I’m going to post about something that has been on my mind for some time. Perhaps it is not a good idea to be so out there with my thoughts, but well, here we go anyway.
This is about ‘the church’.
I recently read the book ‘Love Jesus, Hate Church’ that I heard about from Lindsey. Now before I go any further I AM NOT recommending this book. I found it to be full of one man’s bitterness and anger due to his lifetime experience in a specific denomination of the church.
The reason I found this to be such an eye opening, albeit off-putting book, was because it showed me how a man who loves the Lord can be so hurt by His people that he no longer wants to associate with them, and goes so far as to tell others that perhaps they should leave the church also. I find this terribly sad.
I think sometimes we humans get it so very wrong that we must surely grieve the Lord. Sometimes my very own church appears more like a country club than the hands and feet of the Almighty God. So often being part of the church detracts from growing as a Christian. How can this be? Where did we go so wrong?
Sometimes I look around and wonder when looking better than the person next to me became more important than loving them. When did wearing the right outfit to church become more the focus than preparing our hearts to hear God? When did my children’s behavior at church become more about my reputation as a parent than what is best for them?

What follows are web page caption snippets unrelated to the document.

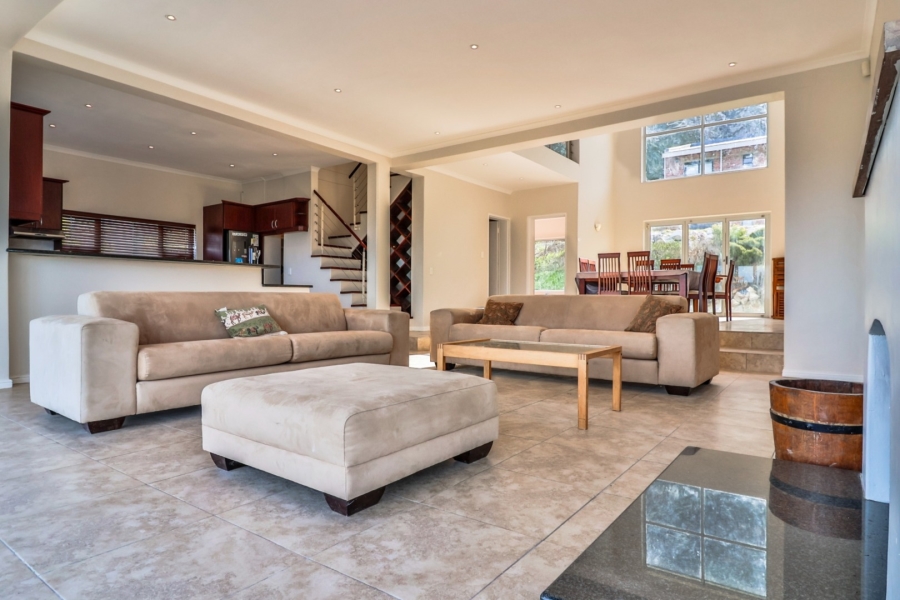 To Let 6 Bedroom Property for Rent in Bettys Bay Western Cape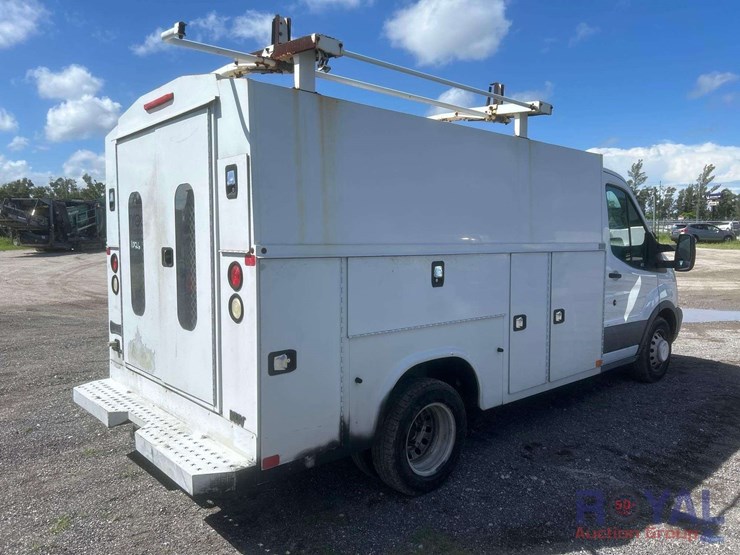 2016-ford-e350-image-2
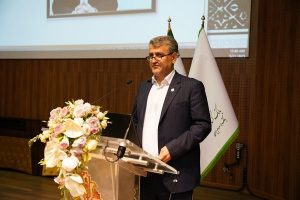 عضو هیأت مدیره بانک کشاورزی: مسیر آینده بانک تمرکز بر زنجیره تامین خواهد بود / گذار از رقابت سنتی با خلق فضای رقابتی جدید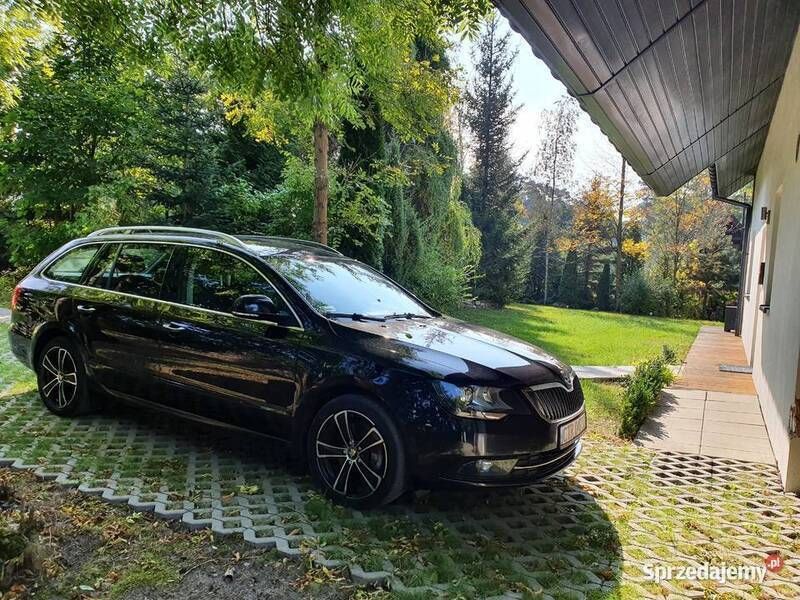 Czarny Używany 2014 Skoda Superb Kombi | 39 000 zł - Obraz 1/4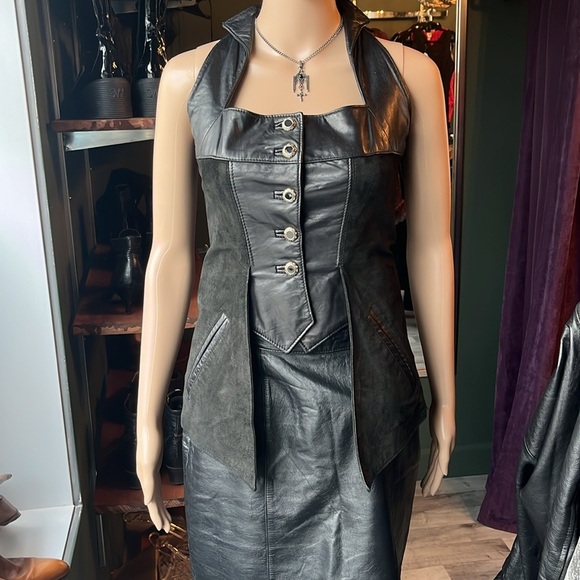 Le ranch du cuir vintage 90s black leather and suede corset tuxedo halter vest - Picture 1 of 10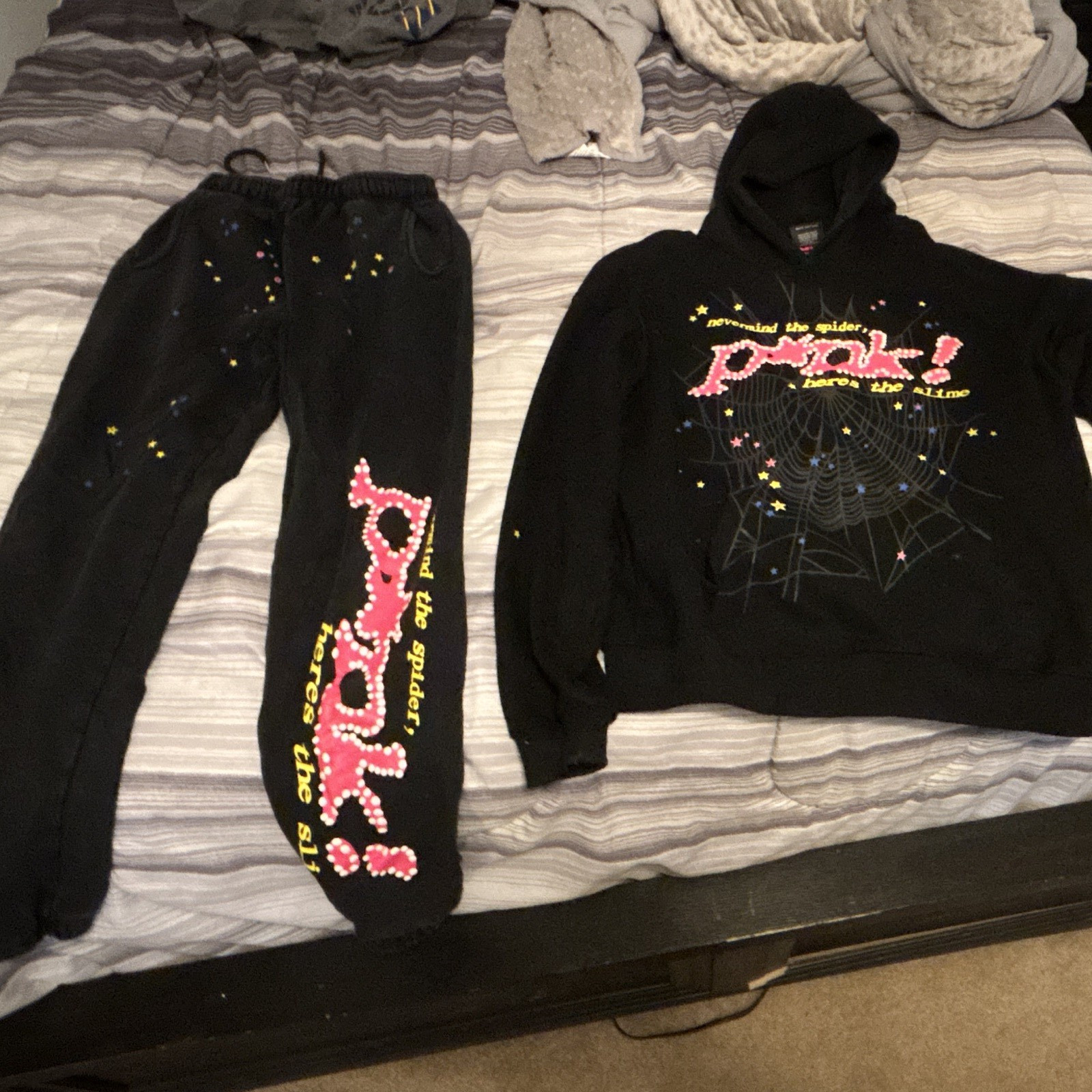 sp5der Black Graphic Print Fleece Sweatsuit Set Hoodie & Tapered Pants M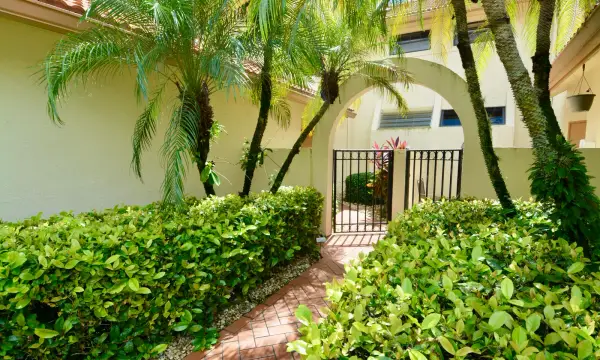 8336 Waterline Drive 201, Boynton Beach, FL 33472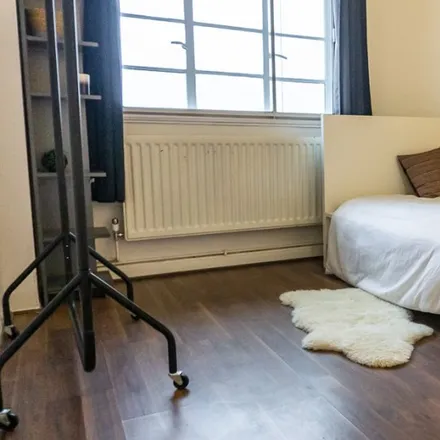 Rent this 3 bed room on 36-38 Gloucester Gardens in London, W2 6BP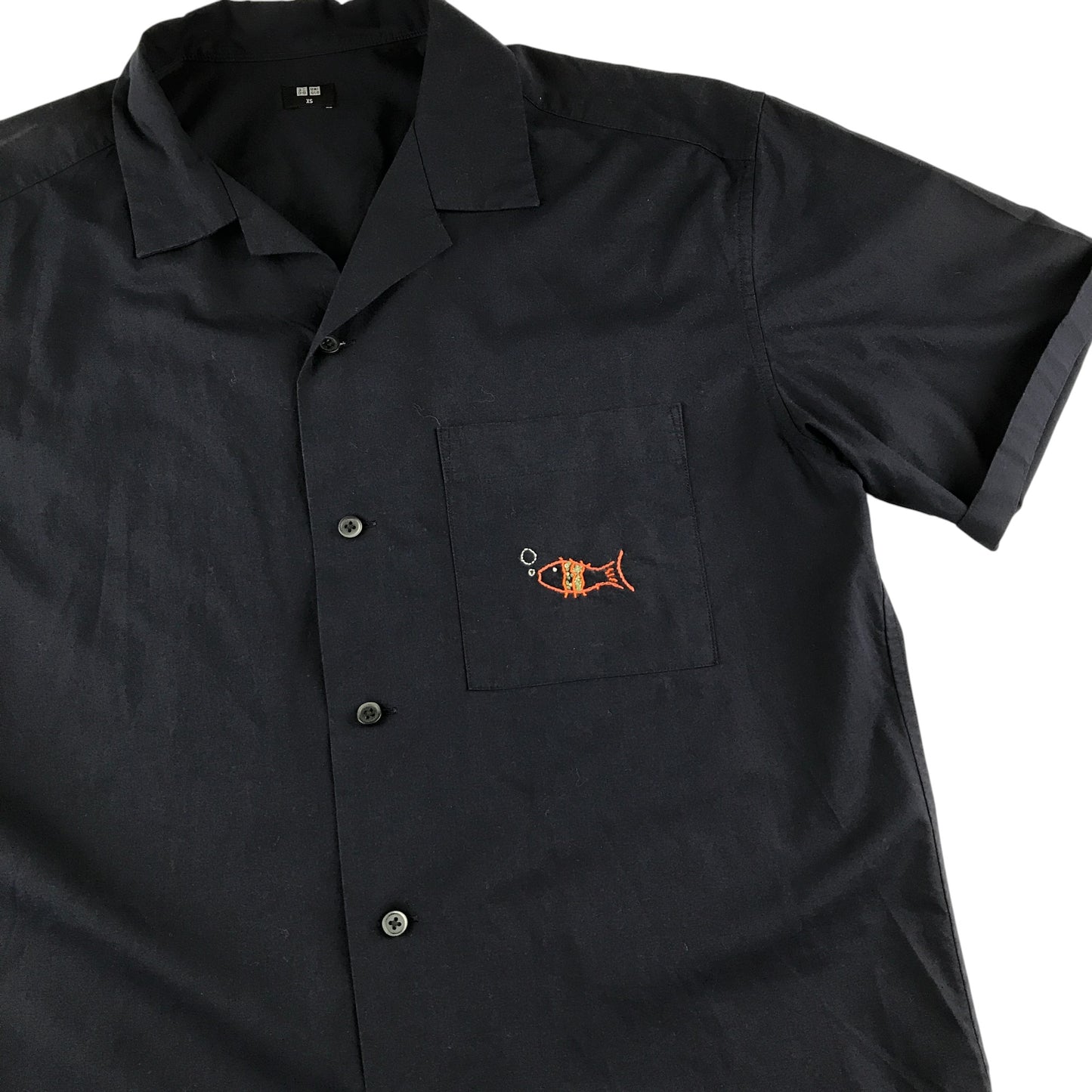 Uniqlo shirt men's XS navy plain button up short sleeve with embroidered fish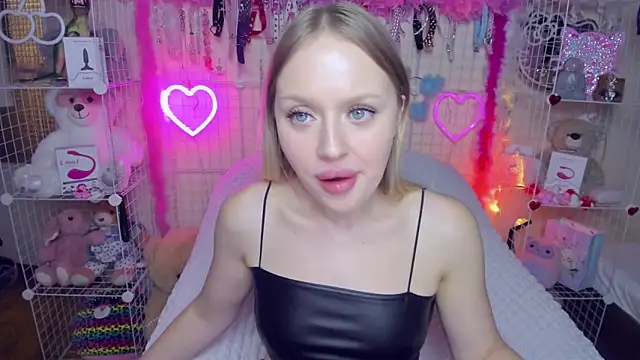 ElinOceanX online show from March 22, 2025, 10:48 pm
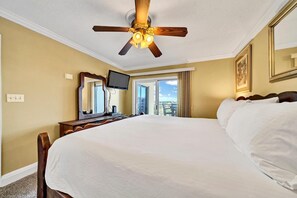 公寓客房, 多張床 (Emerald Isle 706) | 3 間睡房、熨斗/熨衫板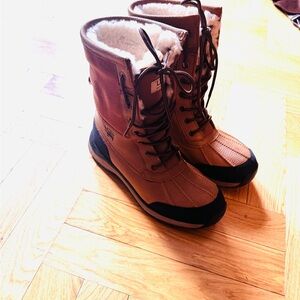 UGG Adirondack Boot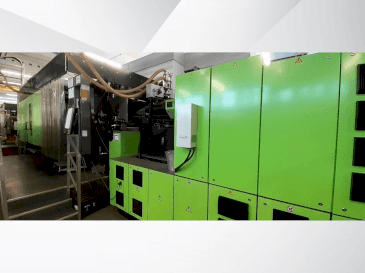 Vista frontal de la máquina Engel Duo 740 H / 740 M / 500 WPX combi M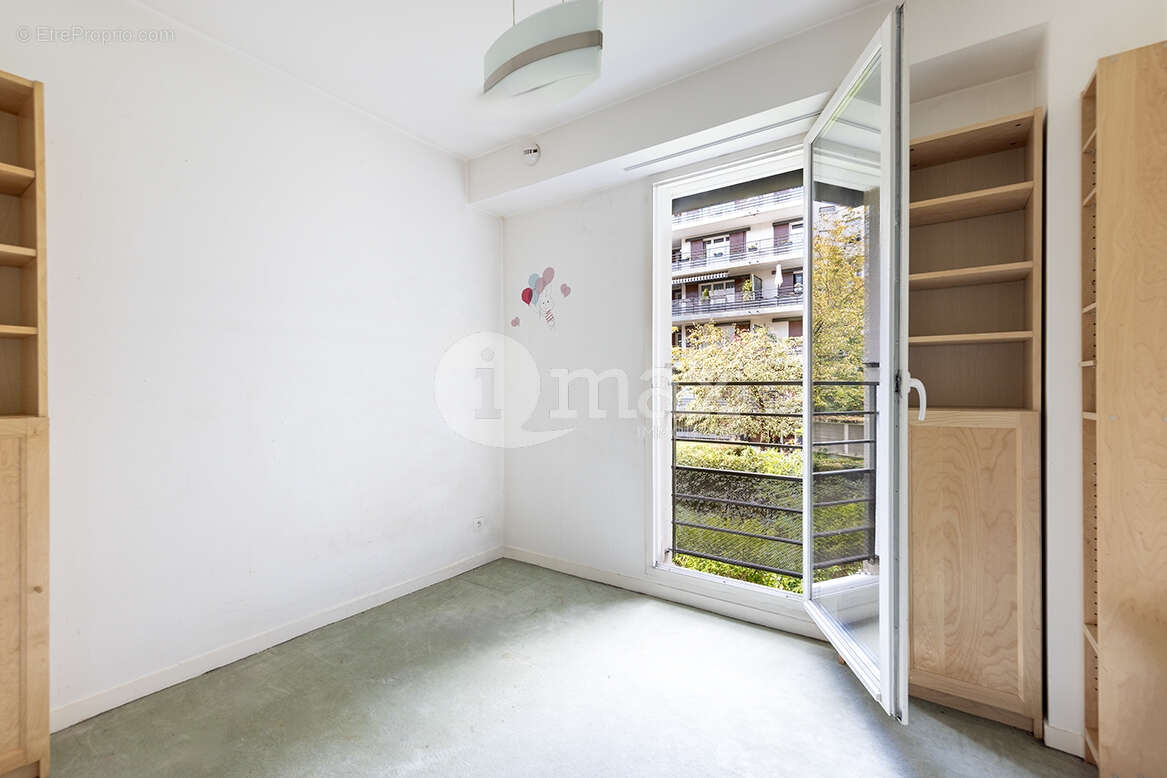 Appartement à COURBEVOIE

This kind of attitude is so ever-present in church these days. Not only that, but the judgment we inflict on each other is awful. Why would I share what is really on my heart, why would I ask for prayer about an issue that is plaguing me when I know I’m going to get judgment behind the prayers.
Sometimes it seems to me that Church has become more about putting on a facade than being real. Looking better than we really are, acting better than we are, being someone different on Sunday than we are the rest of the week. And if you don’t play the game, well, you don’t fit in.
I’ll tell you all right now, my family does not fit in at our church and we haven’t for years, since we started there 6 years ago. We don’t play the game; we kinda stick out like a sore thumb. We have simply decided it is okay. Both D and I have a weekly bible study that is independent of any church. It is just make up of several friends who want to meet together to study God’s word.
These are the people who keep me sharp. These are the people who are real with me, people who I feel like I can be real with. These are the people who I feel would come along beside me and walk with me through hard times (THEY HAVE) and would gently lead me back if I lost my way. THIS is what the church was ment to be.
I am not really trying to solve any great dilemmas, or answer any age old questions. I am just announcing my sadness over what it sometimes appears the church has become. We don’t always look that different than the rest of the world.
So there are my Sunday ramblings…take it with a grain of salt. I think I have too much time on my hands to think on Sundays.